Background and Motivation
In the 2006 season, ESPN’s 8 football experts, all of whom have played in the National Football League and some of whom have been on championship teams, were able to predict only 56-63% of the outcomes of NFL games.1 Half of them were unable to crack the 60% barrier. In that year, 53.125% of the games were won by the home team. 2 The knowledge that took each expert years to accumulate was worth at most 2 games per week more than a very rudimentary predictor. Why are NFL games so difficult to predict?
One possibility is that the statistics by which people judge teams are faulty. In football, offenses and defenses are usually ranked by the average amount of yards they gain and allow respectively per game. These statistics are fine for seeing which are the very bad and the very good teams. In 2006, the widespread consensus was that the Colts’ rushing defense was historically terrible, as they allowed 173 rushing yards per game, almost 30 yards more than the next worst rushing defense.3 San Diego, the #7 rushing defense in terms of yards per game, however, ranked 21st in yards per attempt. So how good was San Diego’s rushing defense in reality? The line between good and mediocre and bad can become blurred with these basic statistics. According to Football Outsiders judging pass defenses on total yardage is “phenomenally stupid.”4 San Diego’s offense was very good in 2006. In many games, they were likely able to get the lead early enough that most of their opponents were forced to abandon the time-consuming running game. Similarly, if a team gives up few passing yards per game but many rushing yards, it might indicate that the team is losing games so early that the opponents spend most of the games literally running out the clock. The yards-per-game statistics, then, may not reflect only the quality of a team’s offense or defense but also the impact of the other unit and the playcalling of opponents’ coaches. Statistical learning methods could possibly capture these complex relationships for more accurate predictions.
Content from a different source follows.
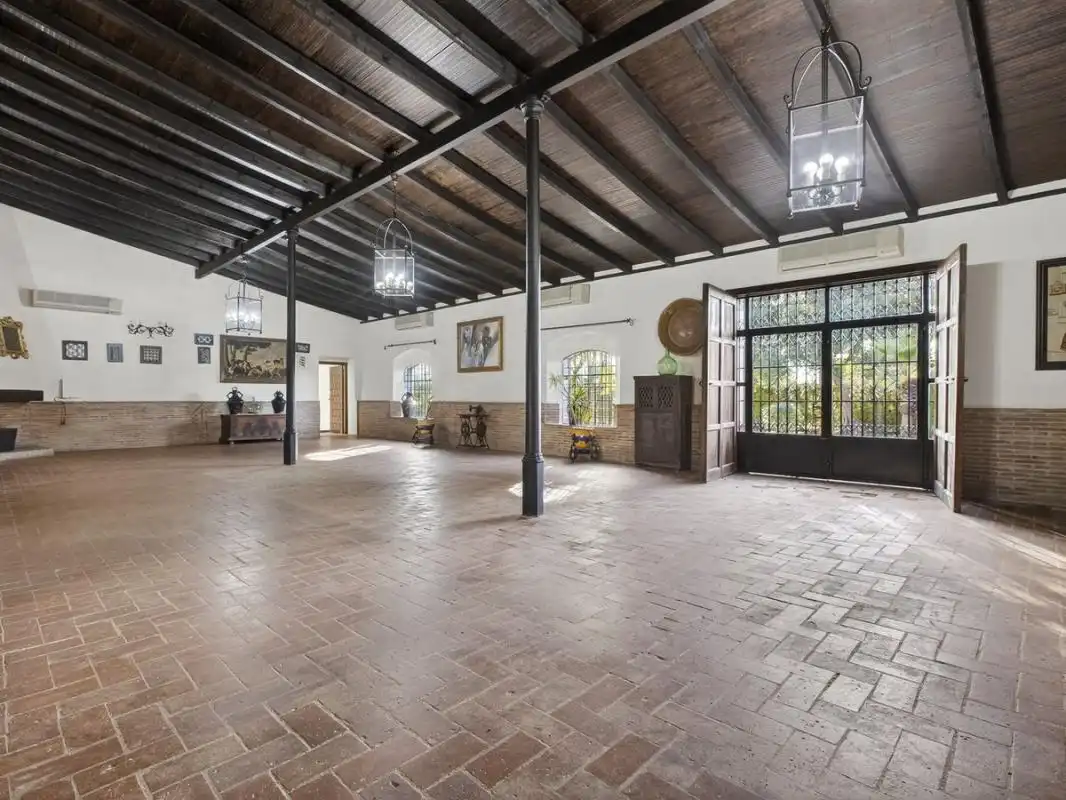 Casa rústica amb piscina en venda a Ctra. de Guadajoz, imagen 88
Another possibility is that people do not trust the statistics enough. Experts and fans alike often cite intangibles such as “momentum,” “clutchness,” “mental toughness” and “team chemistry” as reasons for picking one team over another. Since we don’t really know what is going on in the minds of players, these observations are often conjecture. Peyton Manning was considered to be a “choker” in playoff games, despite the fact that he had won several playoff games. Then he made a historic comeback against his nemesis, the Patriots, and won the Super Bowl in the 2006 season. John Elway, despite leading comebacks in two of the greatest games of all time, was not considered to be “clutch” because of his poor performances in the Super Bowl until he ended his career with two Super Bowl rings. Statistics reflect what has occurred on the field, so if a player is performs poorly against good opponents, whether because of a mental deficiency or a gap in physical ability, then his statistics are likely inflated by playing poor opponents and should be adjusted thusly. Finally, some games just come down to luck. In football, unusual plays happen all of the time. In the 2006 playoffs alone, a botched field goal attempt that should have been an easy win turned into a loss for the Cowboys. An interception that should have sealed the game was fumbled by the Chargers, who subsequently lost. A wide receiver dropped a surefire touchdown pass while not being within 10 yards of any defender to cost the Patriots another shot at the Super Bowl. Ninety-nine times out of one-hundred these events would not have occurred, and the games could have easily gone the other way. Sometimes teams simply don’t perform at their normal level. These things simply aren’t predictable.Hypothesis
The dataset described here is designed to capture many complex relationships. The rushing and passing yards-per-game statistics are the result of offense and defense quality to a certain extent. The punt return and coverage statistics are used to try to encapsulate the relationship between field position and the likelihood of scoring given the team’s offense and the opponent’s defense. The home field variables by themselves are relatively meaningless, but together, they can be very useful towards predicting games. Simple statistical learning methods such as linear regression will not be able to capture these complex relationships, but a mutli-layered, back-propagation neural network or a support vector machine with a non-linear kernel should be able to. The more complex statistical learning methods should be able to improve on the accuracy of the Las Vegas favorite baseline predictor (65%) and possibly achieve the 75% accuracy of the Kahn system over multiple seasons rather than 2 weeks.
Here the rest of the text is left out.